Do companies over-rely on certification?

Many companies have certification goals as their key, sometimes only, target for addressing key social or environmental risks related to their sourcing of particular agricultural or mineral commodities. However, a recent investigation by the BBC on Indian tea producers raises some challenging questions about how reliable certification schemes are at enforcing standards in companies’ supply chains.

Companies who look to certification schemes to provide them with confidence that social and environmental issues in their commodity supply chains are being adequately addressed need to ask themselves two questions:

  1. Do they have a realistic view of the certification business?
  2. Are the management controls for their supply chain appropriate to the level of risks?

The certification market prioritises price over value

Certification is what is often referred to within the services sector as a ‘commoditised product’. In other words, the product that the client buys (e.g. certification of a plantation) is standardised by the requirements of the applicable scheme and does not vary between certification service providers.

In addition to specifying the compliance requirements, some schemes issue guidance on how much work service providers should do (e.g. how many days a certification exercise should take). The impact of such guidance, for better or worse, is to further standardise the work involved in gaining certification.

It is very difficult, therefore, for certification service providers to differentiate themselves from their competitors on quality or rigour when they are seeking to win work. The key differentiating factor between service providers becomes cost.

For commoditised service products, unless there are significant supply/demand factors at play, costs are nearly always being pushed downwards. This is particularly so when there are wider market forces putting pressure on costs across the value chain of an industry.

Consequently, from a service provider’s view, certification is a low-margin business. If certification providers wish to be profitable they must adopt similar strategies to any other low-margin business: look for economies of scale, keep costs low, standardise processes to enable faster turnover of projects, etc.

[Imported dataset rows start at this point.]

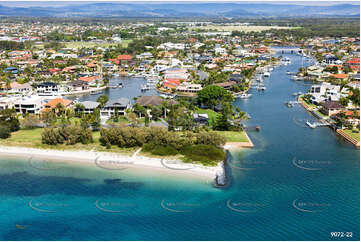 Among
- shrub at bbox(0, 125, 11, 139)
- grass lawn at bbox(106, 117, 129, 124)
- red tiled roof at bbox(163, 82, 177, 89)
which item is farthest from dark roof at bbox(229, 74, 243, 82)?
shrub at bbox(0, 125, 11, 139)

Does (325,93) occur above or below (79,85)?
above

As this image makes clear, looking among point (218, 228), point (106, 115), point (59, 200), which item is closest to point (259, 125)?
point (106, 115)

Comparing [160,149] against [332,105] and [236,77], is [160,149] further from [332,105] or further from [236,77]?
[236,77]

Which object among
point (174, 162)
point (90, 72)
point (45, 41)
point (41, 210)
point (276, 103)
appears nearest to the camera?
point (41, 210)

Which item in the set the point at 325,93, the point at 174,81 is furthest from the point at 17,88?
the point at 325,93

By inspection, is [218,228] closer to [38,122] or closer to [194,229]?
[194,229]

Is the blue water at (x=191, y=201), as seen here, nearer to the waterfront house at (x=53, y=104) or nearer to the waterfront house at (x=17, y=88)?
the waterfront house at (x=53, y=104)
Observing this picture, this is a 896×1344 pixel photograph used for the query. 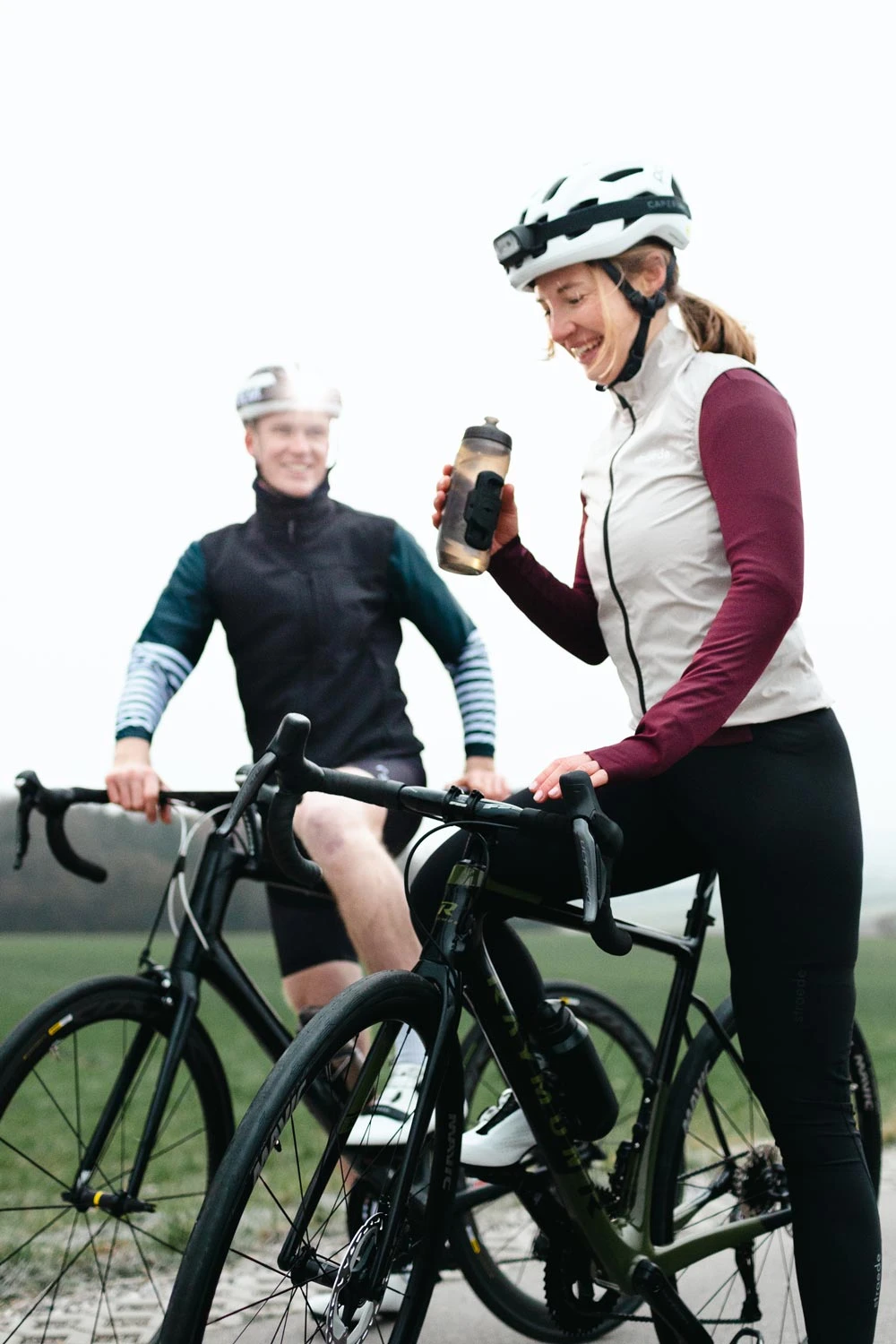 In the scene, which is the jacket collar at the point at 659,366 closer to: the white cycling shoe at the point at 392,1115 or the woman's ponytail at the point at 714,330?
the woman's ponytail at the point at 714,330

In this context, is it any wonder that issues that certification schemes are meant to pick up can sometimes slip through the net?

Commodity supply chains can be complex

Most sustainability certification schemes cover a wide range of issues within their scheme requirements; from environmental management practices through to worker safety and human rights. The issues covered by a certification scheme will usually be commonly understood as pertinent social or environmental issues associated with the applicable commodity’s production, wherever it is produced.

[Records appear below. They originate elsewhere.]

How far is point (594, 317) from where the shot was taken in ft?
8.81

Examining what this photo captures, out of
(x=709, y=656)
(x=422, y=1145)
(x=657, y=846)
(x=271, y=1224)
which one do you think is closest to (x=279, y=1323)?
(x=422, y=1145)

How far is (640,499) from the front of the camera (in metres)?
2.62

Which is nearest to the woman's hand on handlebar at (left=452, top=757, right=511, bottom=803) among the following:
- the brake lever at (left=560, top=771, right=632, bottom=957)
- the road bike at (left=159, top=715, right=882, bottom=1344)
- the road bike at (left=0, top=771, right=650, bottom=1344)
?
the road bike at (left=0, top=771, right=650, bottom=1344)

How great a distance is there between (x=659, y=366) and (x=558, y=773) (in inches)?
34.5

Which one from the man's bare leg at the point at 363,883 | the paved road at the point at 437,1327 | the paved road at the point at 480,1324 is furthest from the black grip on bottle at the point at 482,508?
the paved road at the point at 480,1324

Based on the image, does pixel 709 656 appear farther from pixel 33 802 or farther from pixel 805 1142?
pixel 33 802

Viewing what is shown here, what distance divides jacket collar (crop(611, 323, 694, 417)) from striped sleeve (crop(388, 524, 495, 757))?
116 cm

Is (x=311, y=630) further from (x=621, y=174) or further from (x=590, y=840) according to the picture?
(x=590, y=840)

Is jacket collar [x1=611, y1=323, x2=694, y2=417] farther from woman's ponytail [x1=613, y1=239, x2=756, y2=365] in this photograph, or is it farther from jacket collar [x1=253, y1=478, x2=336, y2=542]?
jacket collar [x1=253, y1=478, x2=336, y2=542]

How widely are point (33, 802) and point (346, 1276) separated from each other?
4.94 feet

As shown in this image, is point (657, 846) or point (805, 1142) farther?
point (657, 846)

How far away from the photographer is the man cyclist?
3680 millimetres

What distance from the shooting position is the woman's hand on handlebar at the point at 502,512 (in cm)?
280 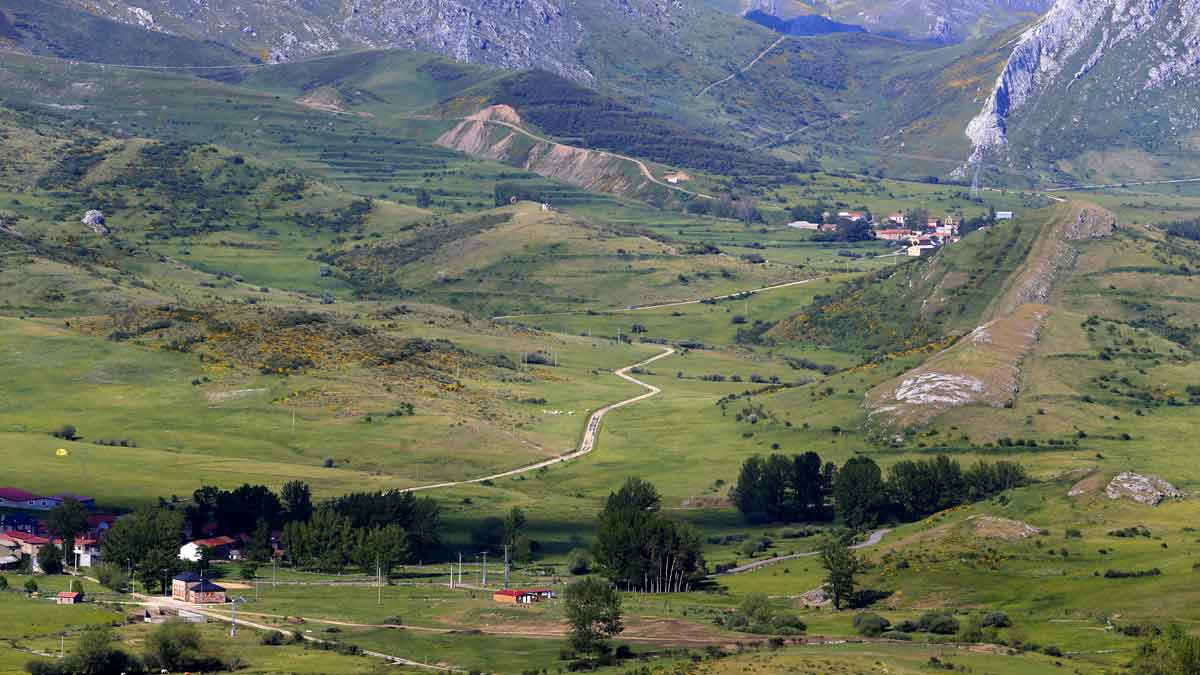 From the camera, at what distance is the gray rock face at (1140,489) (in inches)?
6698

However, the frequency or likelihood of occurrence and severity of impact of such issues can vary substantially between geographies and different supplier organisations. The tea estates in Assam (India) are not the same as those in Kericho (Kenya); the palm oil plantations of Malaysia are not the same as those in Liberia.

Similarly, the nature of the commercial relationship between producer and buyer can vary substantially across a single company’s supply chain for the same commodity. For example, a buyer of sugar may have long-term contracts with some producers, for whom the buyer is their only customer. The same buyer may also source some of its sugar on the spot market. The former will usually engender a far more involved relationship between buyer and producer than the latter. This influences, often significantly, how suppliers respond to buyers’ demands on social and environmental performance.

The temptation for commodity buyers is to rely on certification schemes as the primary (if not only) mechanism for managing the social and environmental risks their business could be exposed to through its supply chain. It is easy to understand why. Many certification schemes have become recognised as the good practice benchmarks for the applicable industry. Some certification schemes have become influential brands in their own right, adding cachet to consumer-facing products.

However, in light of the limitations to the certification process itself, the question has to be asked: is this enough?

The need for an informed understanding of supply chain risk

When considering the role of certification schemes as a means of responding to risks in their supply chains companies need to ask themselves a number of questions. These include:

  • Do they really know where the commodities they rely on are sourced from?
  • How do the social and environmental risks relevant to their commodities vary across geographies?
  • What impact could such social or environmental risks have for the company?
  • What types of organisations are their suppliers, and what are the implications of this for supplier risk management?
  • What types of purchasing relationships do they have with suppliers and how does this impact their influence over suppliers’ activities?
  • What additional controls (e.g. contract requirements, internal audits) does the company have for managing supplier performance?

Having considered these areas some companies may well decide that certification provides all the assurances they need to feel confident that relevant social and environmental risks are being addressed. Depending upon a company’s circumstances, this may be a perfectly reasonable conclusion.

What’s important is that such a conclusion is reached on the basis of a considered assessment of their supply chains. There must be a realistic appraisal of the strengths and weaknesses of certification as a risk control mechanism.

Where appropriate, companies should be prepared to take further measures to strengthen the framework of controls for managing supply chain risks and not rely on requirements for supplier certification to provide all the answers.